"You walked in, laughing, tears welling confused, mingling in your throat.
How can you be so many women to so many people, oh you strange girl?"
How to forget this haunting image? It was on a rainy Monday last October. Dozens of thousands of Polish women, many dressed in black and brandishing dark umbrellas, took the streets of Poland’s major cities to protest a ferocious law criminalizing abortion and, ultimately, to defend their essential right to have control over their bodies.
Inspired by such an unprecedented women’s march, Seven Sisters brings together the work of six international female artists whose practices of installation, sculpture, photography, film and performance evoke and deconstruct—with distance, humor and a recurring sense of poetry—the omnipresence of the feminine body in the public realm, and the mystified notion of interior and intimate space.
The sculptural practice of Liz Craft humorously takes apart logic and replaces it with her own visual narrative, subverting the dead-ends of Californian subcultures, blurring the boundaries between high and low, 2D and 3D, masculine and feminine. Her surrealist sculptures playfully confront the everyday with fantasy, conveying a particular attention to the grotesque, entropy, and formal constructions. This approach is expressed here in a set of speech bubbles and a ceramic table decorated with a sensual pair of lips acting as a coin dish. In a comparable way, the crude eroticism behind Nevine Mahmoud’s carved-stone sculptures of a blossoming lily, an open peach and a pair of lips evoke the representations and materials developed by artists such as Eva Hesse or Alina Szapocznikow. Witty and straight-forward, yet poetic and sensual, her “feminine-meets-rock” forms in alabaster, marble and calcite challenge the practice of carving—traditionally reserved to men—with a contemporary approach entirely rid of complexes and inhibitions.

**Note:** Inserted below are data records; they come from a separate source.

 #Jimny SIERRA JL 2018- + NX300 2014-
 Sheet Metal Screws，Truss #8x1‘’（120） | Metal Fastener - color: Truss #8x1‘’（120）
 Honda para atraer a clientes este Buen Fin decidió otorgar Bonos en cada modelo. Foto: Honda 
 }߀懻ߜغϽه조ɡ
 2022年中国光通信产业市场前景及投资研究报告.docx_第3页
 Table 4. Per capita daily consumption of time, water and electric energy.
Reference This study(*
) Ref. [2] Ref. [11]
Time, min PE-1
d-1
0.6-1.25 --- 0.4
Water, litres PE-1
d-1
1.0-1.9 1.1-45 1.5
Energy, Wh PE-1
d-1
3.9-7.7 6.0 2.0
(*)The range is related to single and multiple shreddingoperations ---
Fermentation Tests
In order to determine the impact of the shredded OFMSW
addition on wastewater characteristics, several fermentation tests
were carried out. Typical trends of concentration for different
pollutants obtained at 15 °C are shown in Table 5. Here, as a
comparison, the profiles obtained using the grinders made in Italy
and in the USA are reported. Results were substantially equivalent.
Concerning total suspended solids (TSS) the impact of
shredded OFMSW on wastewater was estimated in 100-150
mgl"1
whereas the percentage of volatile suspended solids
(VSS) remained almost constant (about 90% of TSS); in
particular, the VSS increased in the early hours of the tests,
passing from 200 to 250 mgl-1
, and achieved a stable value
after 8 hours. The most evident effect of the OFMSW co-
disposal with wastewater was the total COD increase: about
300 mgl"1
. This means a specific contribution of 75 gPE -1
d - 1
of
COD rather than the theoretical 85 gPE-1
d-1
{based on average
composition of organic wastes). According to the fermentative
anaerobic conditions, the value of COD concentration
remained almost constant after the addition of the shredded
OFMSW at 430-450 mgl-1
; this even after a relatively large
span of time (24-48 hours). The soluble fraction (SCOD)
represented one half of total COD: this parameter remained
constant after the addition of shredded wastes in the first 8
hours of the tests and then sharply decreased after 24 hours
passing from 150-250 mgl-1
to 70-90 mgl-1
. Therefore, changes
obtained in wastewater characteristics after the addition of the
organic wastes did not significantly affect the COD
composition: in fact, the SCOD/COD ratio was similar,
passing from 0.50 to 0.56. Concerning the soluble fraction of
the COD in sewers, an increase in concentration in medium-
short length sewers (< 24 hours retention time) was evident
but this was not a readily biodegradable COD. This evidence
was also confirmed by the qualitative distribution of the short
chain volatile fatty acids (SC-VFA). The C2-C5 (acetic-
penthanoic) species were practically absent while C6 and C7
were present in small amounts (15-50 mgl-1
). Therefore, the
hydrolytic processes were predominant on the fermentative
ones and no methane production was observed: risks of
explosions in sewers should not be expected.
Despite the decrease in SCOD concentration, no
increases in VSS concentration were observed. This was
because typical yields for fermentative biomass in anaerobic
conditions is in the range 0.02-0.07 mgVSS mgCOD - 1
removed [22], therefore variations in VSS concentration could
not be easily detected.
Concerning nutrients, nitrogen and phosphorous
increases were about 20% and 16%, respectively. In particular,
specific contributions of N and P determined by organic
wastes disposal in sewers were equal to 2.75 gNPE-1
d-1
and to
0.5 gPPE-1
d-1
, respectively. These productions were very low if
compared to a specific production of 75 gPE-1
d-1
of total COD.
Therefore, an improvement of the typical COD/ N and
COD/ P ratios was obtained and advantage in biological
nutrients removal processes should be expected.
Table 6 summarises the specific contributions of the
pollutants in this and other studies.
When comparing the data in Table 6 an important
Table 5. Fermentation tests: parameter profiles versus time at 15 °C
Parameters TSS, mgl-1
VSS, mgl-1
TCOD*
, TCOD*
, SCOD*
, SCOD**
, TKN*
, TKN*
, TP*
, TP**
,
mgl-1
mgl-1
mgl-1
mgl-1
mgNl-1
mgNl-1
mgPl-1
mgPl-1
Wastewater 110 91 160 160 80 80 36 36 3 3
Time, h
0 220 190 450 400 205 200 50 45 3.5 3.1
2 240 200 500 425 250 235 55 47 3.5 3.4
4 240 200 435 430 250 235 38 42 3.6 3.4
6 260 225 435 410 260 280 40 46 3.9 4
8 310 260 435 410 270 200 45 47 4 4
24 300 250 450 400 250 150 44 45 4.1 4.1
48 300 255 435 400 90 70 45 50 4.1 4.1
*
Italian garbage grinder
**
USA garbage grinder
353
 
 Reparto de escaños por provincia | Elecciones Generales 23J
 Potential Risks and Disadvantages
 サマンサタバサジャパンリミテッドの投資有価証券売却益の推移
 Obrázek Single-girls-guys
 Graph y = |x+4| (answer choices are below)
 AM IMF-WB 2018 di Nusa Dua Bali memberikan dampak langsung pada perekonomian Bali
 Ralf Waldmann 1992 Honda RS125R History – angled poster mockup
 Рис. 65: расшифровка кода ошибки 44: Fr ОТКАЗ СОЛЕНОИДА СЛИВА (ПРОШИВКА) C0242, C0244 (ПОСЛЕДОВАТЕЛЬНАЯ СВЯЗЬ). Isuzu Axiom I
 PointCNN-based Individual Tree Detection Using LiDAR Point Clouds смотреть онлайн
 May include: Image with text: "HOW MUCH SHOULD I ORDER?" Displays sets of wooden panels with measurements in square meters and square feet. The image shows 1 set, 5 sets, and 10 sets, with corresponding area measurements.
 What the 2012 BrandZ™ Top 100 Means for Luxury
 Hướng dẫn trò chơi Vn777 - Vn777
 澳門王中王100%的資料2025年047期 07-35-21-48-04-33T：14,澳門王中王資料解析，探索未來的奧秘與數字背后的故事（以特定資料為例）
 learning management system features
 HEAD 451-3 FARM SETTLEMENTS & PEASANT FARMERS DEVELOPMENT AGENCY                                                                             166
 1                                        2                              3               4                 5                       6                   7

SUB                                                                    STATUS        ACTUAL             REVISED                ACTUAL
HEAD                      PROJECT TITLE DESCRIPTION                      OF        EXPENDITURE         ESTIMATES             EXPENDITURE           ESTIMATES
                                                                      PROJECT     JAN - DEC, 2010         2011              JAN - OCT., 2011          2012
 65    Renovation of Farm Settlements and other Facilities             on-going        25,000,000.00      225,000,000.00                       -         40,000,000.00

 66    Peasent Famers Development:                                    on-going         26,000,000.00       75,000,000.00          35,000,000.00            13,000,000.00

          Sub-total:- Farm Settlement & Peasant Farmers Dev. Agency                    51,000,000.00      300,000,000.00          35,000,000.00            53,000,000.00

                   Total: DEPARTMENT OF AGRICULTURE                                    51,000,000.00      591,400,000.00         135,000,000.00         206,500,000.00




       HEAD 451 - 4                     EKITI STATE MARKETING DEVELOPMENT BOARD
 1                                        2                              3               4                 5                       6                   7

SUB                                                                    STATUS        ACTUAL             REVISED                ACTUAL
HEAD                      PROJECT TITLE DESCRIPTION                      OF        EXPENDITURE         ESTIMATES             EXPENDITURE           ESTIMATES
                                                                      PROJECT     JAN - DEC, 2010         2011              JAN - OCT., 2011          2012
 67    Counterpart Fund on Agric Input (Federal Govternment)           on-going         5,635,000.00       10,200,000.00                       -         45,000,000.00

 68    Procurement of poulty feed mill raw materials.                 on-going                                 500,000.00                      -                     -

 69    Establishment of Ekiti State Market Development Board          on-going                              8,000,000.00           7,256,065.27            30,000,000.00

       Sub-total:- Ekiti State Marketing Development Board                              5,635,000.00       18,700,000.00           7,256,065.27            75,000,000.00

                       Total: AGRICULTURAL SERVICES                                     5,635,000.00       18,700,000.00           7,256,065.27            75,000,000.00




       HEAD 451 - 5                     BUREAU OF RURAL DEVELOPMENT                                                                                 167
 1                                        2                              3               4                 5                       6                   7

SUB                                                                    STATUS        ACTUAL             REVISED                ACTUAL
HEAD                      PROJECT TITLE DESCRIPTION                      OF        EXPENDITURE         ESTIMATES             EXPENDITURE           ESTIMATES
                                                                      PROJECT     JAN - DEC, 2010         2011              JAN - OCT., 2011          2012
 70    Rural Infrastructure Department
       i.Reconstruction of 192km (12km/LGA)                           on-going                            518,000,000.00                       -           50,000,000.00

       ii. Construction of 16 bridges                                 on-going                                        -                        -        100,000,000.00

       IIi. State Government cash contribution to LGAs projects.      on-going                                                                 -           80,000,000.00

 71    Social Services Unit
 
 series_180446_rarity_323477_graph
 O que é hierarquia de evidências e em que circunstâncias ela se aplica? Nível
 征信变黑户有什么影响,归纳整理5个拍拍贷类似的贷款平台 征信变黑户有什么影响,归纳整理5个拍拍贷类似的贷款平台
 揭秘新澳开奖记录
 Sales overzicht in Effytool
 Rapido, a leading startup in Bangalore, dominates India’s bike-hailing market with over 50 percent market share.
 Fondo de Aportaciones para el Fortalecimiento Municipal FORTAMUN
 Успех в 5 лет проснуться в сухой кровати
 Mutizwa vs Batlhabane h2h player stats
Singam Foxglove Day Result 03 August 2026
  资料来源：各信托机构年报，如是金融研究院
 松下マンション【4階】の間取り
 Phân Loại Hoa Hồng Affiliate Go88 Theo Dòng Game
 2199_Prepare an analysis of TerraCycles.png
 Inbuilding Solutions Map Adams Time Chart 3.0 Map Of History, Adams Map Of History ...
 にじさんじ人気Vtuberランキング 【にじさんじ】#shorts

Scenes of modern life, anxious characters, and emotional situations featured in Mélanie Matranga’s films, sculptures and installations create staged environments that are activated by visitors and communicate the emotional value of their production. Her latest film YOU (2016) is an erotic feature in which the artist, influenced by the French New Wave and filmmakers such as Eric Rohmer or Jean Eustache, defines love as a system of communication, suggesting possible ways of reinvesting in authenticity by laying bare our economies, object relations and emotions. Similarly, in her choreographic work, Dragana Bulut is interested in relationships of power, and in creating tension within the performance space in relation to bodies, timing and expression. Her piece 30 Ways is performed as an “item” at the gallery on the opening night, and part of a larger performance, Pass It On, presented the next day at KEM—a performance space located in the Praga district of Warsaw, run by choreographer Alex Baczyński-Jenkins. The latter is conceived as an auction dealing with the question of authorship, the relation between the material and the immaterial, and the value of an artistic object. Ketuta Alexi-Meskhishvili’s approach to photography puts in perspective its superficial, two-dimensional distinctiveness with its three-dimensional, sculptural potential. Here, she has conceived a “room of one’s own,” delimited by floating cotton curtains on which she has printed abstract patterns. Inside this room, three photographs taken as analog selfies and representing parts of her face and body are disposed to reveal her diaristic practice, playing around the seen and the hidden.
Lastly, Barbara Leoniak’s elaborated sculptural compositions, such as Moebius strips or human heads, recall a ritual of mummification. Throughout this creative process, her sculptures, like skeletons of artistic expression, come to life. For Seven Sisters, the artist has produced a series of three double-headed busts of idealized women, assembled with wood and papier collé and evoking an undeniable, feminist surrealism, whose history and visual legacy are crucial to this exhibition.